Yesterday evening, desperate to avoid the name, face, or
doings of Donald Trump, I watched a good deal of the Duke-UNLV basketball
game. It was a Duke blowout, 94-45,
apparently understood by aficionados as revenge for a famous 30 point UNLV
upset of Duke in the 1991 March Madness final.
[My overseas readers will be understandably mystified by all this.] At one point, when the game was already on
ice, one of the Duke players came charging down the court with the ball and, at
the last moment, rather than take the shot, flipped the ball behind him without
looking to a teammate who scored with a flying slam dunk. It was clearly an homage to a famous moment in the 1992 Olympics won by the American Dream
Team. That was the first year that
active NBA pros were permitted to play, and merely to mention some of the names
on the roster sends a thrill down my spine:
Michael Jordan, Patrick Ewing, Karl Malone, Magic Johnson, Charles
Barkeley.
That got me thinking this morning during my 23 degree
walk: Why isn’t American football an
Olympic sport? I mean, just about every
conceivable other sport is. Two person
Beach Volley Ball, for God’s sake! We
would win, of course, but hell, there are sports dominated by other
countries. Ping Pong? Precision swimming? I don’t think it is fair!
USA! USA!
One problem with making American football an Olympic sport is the number of games that teams would have to play in a short time. The Olympics last, I think, two weeks at a time.

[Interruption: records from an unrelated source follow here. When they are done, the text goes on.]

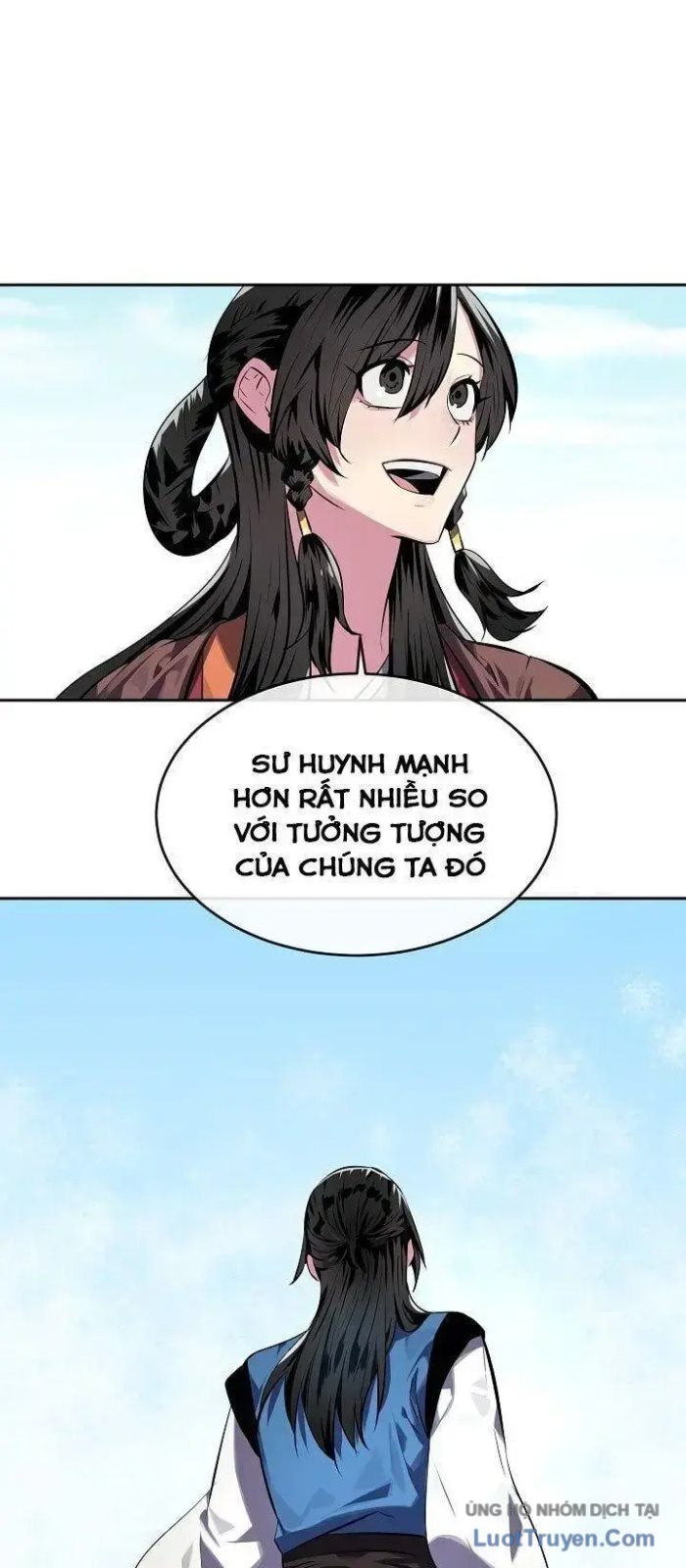 Huyết Chiến Hoa Sơn Chapter 119 - Trang 44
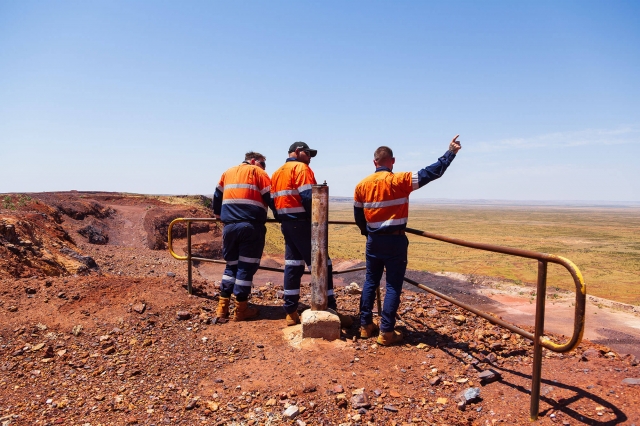 The Importance of Mine Site Rehabilitation: Restoring the Balance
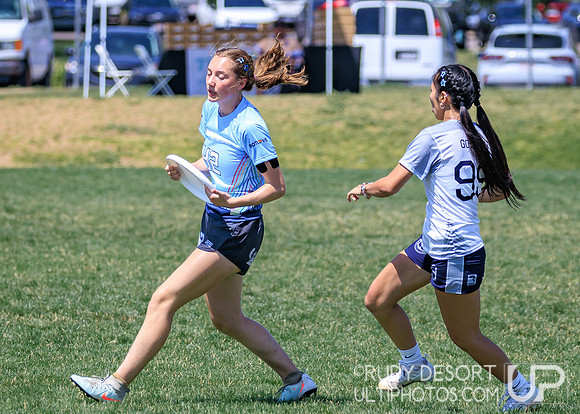 2026 USA Ultimate YCC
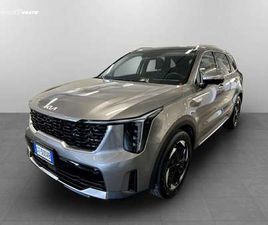 1.6 TGDI HEV EVOLUTION 4WD AT6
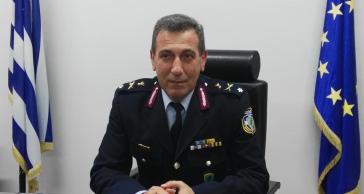 Σε “έμπειρα χέρια” η Αστυνομική Διεύθυνση Ν. Αιγαίου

As college and NFL football schedules indicate, however, it's very hard to play more than one game of football per week. (The NFL would love to schedule more; the chief argument against doing this points to the danger it would pose to players.) Football is just too physically taxing to play repeatedly in a short period of time, so it would be really hard to fit a proper tournament into the two weeks of each Olympics.